De gran ayuda para la vista y la piel por su alta tasa de caroteno, que se convertirá en vitamina A tras su paso por el estómago y su transformación por el hígado, y admirada por los dietistas por su contribución a la enjuta figura pese a sus dotes alimenticias y nutrientes -llena de hierro y otros minerales- su consumo se remonta a la más conspicua antigüedad, aunque en puridad la raíz que llega hasta nosotros es una variante europea -holandesa por más señas- que dejó en su recorrido por la evolución los pálidos colores que la caracterizaban antaño: lo leñoso y desabrido de su alma y lo amargo de su sabor.

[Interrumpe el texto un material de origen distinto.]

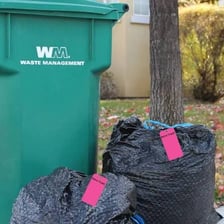 A bag of household garbage beside a trash bin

Los romanos comían sus hojas y sus tallos y nosotros en exclusiva su raíz, que es en origen dulce y gustosa, y a la que se transforma a voluntad en la cocción, por lo cual puede devenir -alternativamente, según sea su salazón- en confitura o en soporte de algún clásico, como las lentejas con jamón.
Como sucede con muchos de los ejemplares de nuestra huerta, su aplicación por nuestros cocineros, de forma histórica, ha sido bastante simple en lo conceptual, y por ello no se encuentra en los recetarios públicos ni privados ninguna fórmula que las eleve a plato principal, sino que su sino se debate entre comerlas crudas o formando parte de los guisos, a los que aporta dulzura.
No ha sido así en otras geografías, influido este hecho, sin duda, por la concomitancia que tiene la zanahoria con las grasas y los aromas aportados por la leche y sus derivados. Así, es sorprendente comprobar que las zanahorias se cuecen con poca agua, una pulgarada de azúcar y otra de sal y rociadas de mantequilla, y a partir de tal infusión pueden ser comidas como delicado plato principal o servir de acomodo y complemento a las suaves carnes de las terneras y las aves, como nos enseñan los clásicos franceses de toda época.
En los tiempos en que Sanchez Cotán se regodeaba en pintarlas, como hemos señalado, eran comida de convento, y así nos enseña Rodrigo de Maceras -cocinero en uno de los más importantes- que se servían en ensalada, ya asadas y liberadas de su corazón -que en aquellos tiempos era duro como leño- echándoles encima aceite, vinagre, pimienta, sal y orégano. Aunque también servían como postre con el sutil añadido de miel y azúcar, clavos y canela, y recubiertas de huevos para que devengan en tortada.
Más la triste conclusión aparece al final de la fórmula magistral: "Y se han de aderezar del propio modo, aunque pocas veces se acostumbra a hacer de ellas, por no ser vianda de tanto regalo como otras".